-- Opening Marker --

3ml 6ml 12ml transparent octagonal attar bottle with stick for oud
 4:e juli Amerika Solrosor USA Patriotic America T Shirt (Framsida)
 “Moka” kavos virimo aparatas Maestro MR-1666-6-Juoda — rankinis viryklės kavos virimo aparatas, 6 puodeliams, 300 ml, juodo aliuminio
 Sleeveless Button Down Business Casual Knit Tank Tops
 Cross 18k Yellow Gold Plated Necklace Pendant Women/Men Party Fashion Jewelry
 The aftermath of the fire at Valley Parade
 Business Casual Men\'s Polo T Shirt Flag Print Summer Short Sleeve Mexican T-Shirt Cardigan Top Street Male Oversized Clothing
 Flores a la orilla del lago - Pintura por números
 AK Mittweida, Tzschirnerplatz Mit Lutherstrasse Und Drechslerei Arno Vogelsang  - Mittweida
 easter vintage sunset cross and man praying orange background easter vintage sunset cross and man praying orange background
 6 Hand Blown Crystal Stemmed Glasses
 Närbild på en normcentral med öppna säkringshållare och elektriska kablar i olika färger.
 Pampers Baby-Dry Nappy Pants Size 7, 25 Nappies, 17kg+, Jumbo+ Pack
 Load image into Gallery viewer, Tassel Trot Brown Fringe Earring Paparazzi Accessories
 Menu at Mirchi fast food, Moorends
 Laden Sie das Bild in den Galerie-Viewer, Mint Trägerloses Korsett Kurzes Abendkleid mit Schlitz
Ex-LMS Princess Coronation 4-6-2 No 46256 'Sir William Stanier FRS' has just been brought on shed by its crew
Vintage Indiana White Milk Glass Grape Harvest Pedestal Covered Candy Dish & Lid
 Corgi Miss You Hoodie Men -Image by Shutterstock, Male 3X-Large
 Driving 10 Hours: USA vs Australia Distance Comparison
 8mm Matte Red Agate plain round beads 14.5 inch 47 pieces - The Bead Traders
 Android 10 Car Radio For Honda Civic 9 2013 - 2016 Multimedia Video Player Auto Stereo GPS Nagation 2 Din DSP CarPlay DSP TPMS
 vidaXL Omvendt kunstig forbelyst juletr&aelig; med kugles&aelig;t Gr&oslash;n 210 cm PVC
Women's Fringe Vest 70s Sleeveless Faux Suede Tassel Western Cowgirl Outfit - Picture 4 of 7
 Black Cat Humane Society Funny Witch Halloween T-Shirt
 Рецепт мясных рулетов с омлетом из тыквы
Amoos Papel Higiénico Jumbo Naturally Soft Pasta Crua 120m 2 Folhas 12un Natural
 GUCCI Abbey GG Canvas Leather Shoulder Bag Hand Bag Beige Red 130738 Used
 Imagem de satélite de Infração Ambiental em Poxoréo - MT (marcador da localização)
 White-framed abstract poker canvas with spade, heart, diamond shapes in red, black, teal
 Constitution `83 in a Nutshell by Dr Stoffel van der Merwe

-- Closing Marker --

Task brief |
Give back, word for word, only the lines above from the line holding "orange background easter" to the line holding "Driving 10 Hours: USA", both included.

Response area |
 easter vintage sunset cross and man praying orange background easter vintage sunset cross and man praying orange background
 6 Hand Blown Crystal Stemmed Glasses
 Närbild på en normcentral med öppna säkringshållare och elektriska kablar i olika färger.
 Pampers Baby-Dry Nappy Pants Size 7, 25 Nappies, 17kg+, Jumbo+ Pack
 Load image into Gallery viewer, Tassel Trot Brown Fringe Earring Paparazzi Accessories
 Menu at Mirchi fast food, Moorends
 Laden Sie das Bild in den Galerie-Viewer, Mint Trägerloses Korsett Kurzes Abendkleid mit Schlitz
Ex-LMS Princess Coronation 4-6-2 No 46256 'Sir William Stanier FRS' has just been brought on shed by its crew
Vintage Indiana White Milk Glass Grape Harvest Pedestal Covered Candy Dish & Lid
 Corgi Miss You Hoodie Men -Image by Shutterstock, Male 3X-Large
 Driving 10 Hours: USA vs Australia Distance Comparison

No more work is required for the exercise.